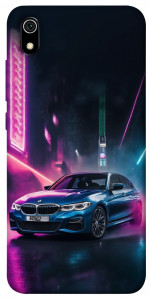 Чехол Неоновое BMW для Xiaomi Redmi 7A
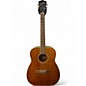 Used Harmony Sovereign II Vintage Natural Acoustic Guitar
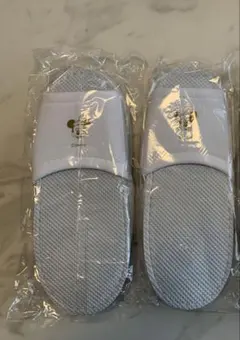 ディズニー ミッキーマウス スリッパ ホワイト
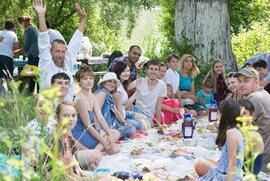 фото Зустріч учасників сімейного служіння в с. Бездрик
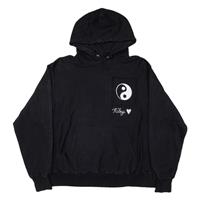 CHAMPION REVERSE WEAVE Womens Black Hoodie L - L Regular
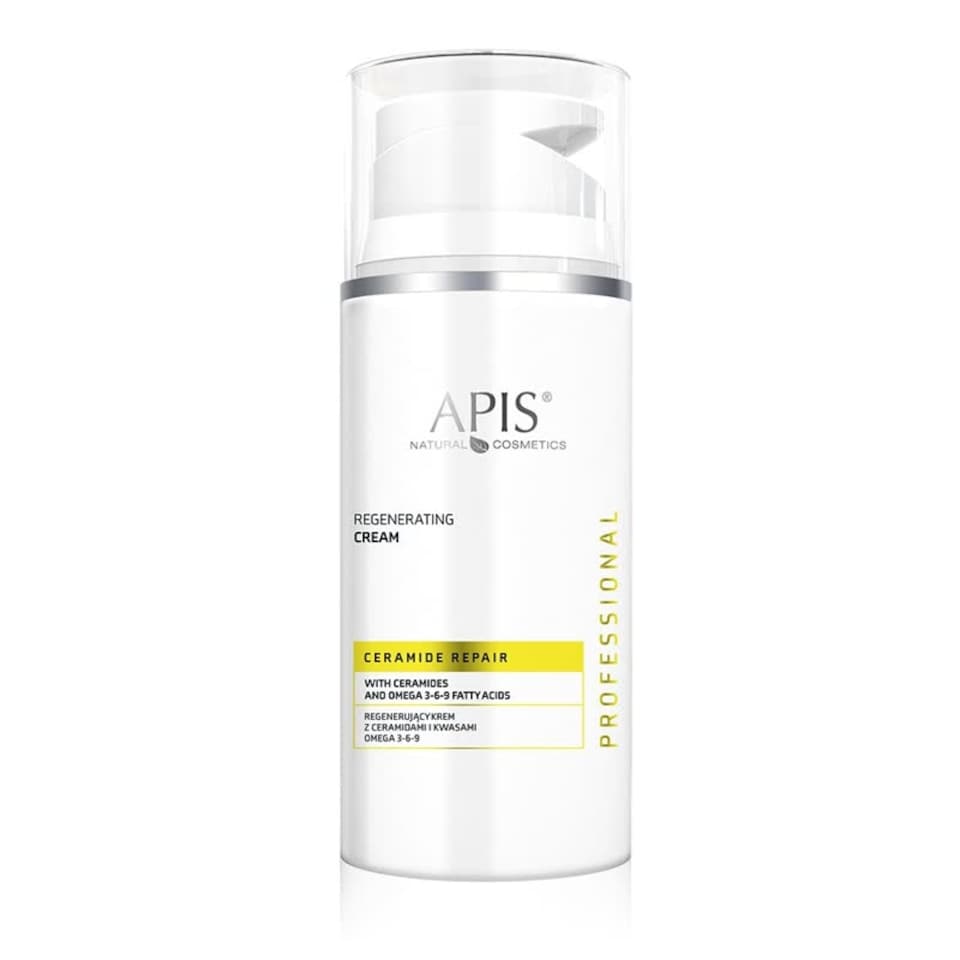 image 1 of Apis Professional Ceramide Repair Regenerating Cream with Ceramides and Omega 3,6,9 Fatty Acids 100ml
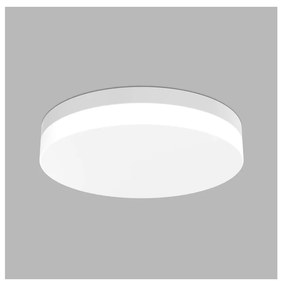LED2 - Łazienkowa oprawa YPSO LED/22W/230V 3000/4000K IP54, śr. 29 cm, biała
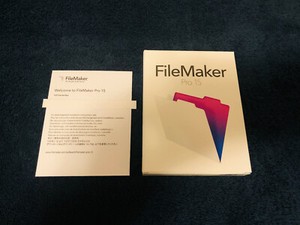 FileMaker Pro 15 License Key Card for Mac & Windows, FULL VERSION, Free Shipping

——————

> **Description of the task**:
Produce the material above again in full, with identical lines and no pictures.

> **Written answer**:
 Чехол Неоновое BMW для Xiaomi Redmi 7A
 Used Harmony Sovereign II Vintage Natural Acoustic Guitar
 ディズニー ミッキーマウス スリッパ ホワイト
 фото Зустріч учасників сімейного служіння в с. Бездрик
 CHAMPION REVERSE WEAVE Womens Black Hoodie L - L Regular
 image 1 of Apis Professional Ceramide Repair Regenerating Cream with Ceramides and Omega 3,6,9 Fatty Acids 100ml
LED2 - Łazienkowa oprawa YPSO LED/22W/230V 3000/4000K IP54, śr. 29 cm, biała
 FileMaker Pro 15 License Key Card for Mac & Windows, FULL VERSION, Free Shipping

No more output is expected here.